# nismo rims?



## nisdrivensan (Dec 10, 2002)

hey all .... im trying to find these nismo rims i keep seeing on all of the fast jdm nissans...... 

you know...... the bronze rims they throw on the tree fiddy and the r30's 



where can i buy these drop dead gorgeous wheels...... ahah 


help me?


----------



## Ninety-Nine SE-L (May 5, 2002)

I can't remember the place, but believe me, you prolly won't want them once you see the price.


----------



## 1CLNB14 (Apr 30, 2002)

How does $750.00 sound.

Oh, that is for each wheel. 

You might be able to get them cheaper, but I doubt it.


----------



## zeno (Sep 17, 2002)

> you prolly won't want them once you see the price.


You certainly bite the bullet if you want any Nismo parts.

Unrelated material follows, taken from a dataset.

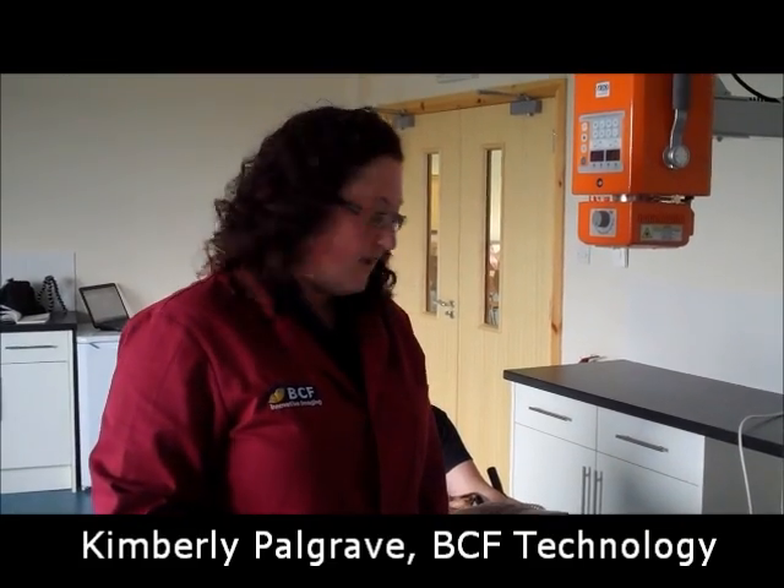Hi, my name is Kimberly Palgrave and I'm the in-house vet for BCF Technology. Today we'll be looking at how to position a dog correctly for performing radiographic exposure of the lateral pelvis.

Good luck.


----------



## samo (Apr 30, 2002)

1CLNB14 said:


> *How does $750.00 sound.
> 
> Oh, that is for each wheel.
> 
> You might be able to get them cheaper, but I doubt it. *


$750/wheel was also for 17x7 one-piece. If you want bigger or the gorgeous 3-piece wheels, better mortgage the house or sell an eye.


----------



## Token Moron (Mar 28, 2003)

samo said:


> *sell an eye. *



then u can be a pirate............arrrrgh my mate!

or u can sell your semen to a sperm bank

those nismo wheels are nice but IMO theyre not all that, i can take some regular wheels i like, put a nismo sticker and be a ricer


----------



## zeno (Sep 17, 2002)

> then u can be a pirate............arrrrgh my mate!


lol.....



> or u can sell your semen to a sperm bank


The sperm market just isn't any good.....I've tried  I'm trying to convince my girlfriend to sell some of her eggs, they are around $1000 per egg!


----------



## Neil (Aug 13, 2002)

$1000 an egg????? oh man I have a walking gold mine at my disposal.


----------



## Ninety-Nine SE-L (May 5, 2002)

zeno said:


> *lol.....
> 
> 
> 
> The sperm market just isn't any good.....I've tried  I'm trying to convince my girlfriend to sell some of her eggs, they are around $1000 per egg! *


 what's a nut go for on the black market?


----------



## Token Moron (Mar 28, 2003)

1997 GA16DE said:


> *what's a nut go for on the black market? *


looking to buy some?  j/k

whats so good about a female egg? i can understand semen being worthless, guys will do anything to jack off, semen is in adundance


----------



## samo (Apr 30, 2002)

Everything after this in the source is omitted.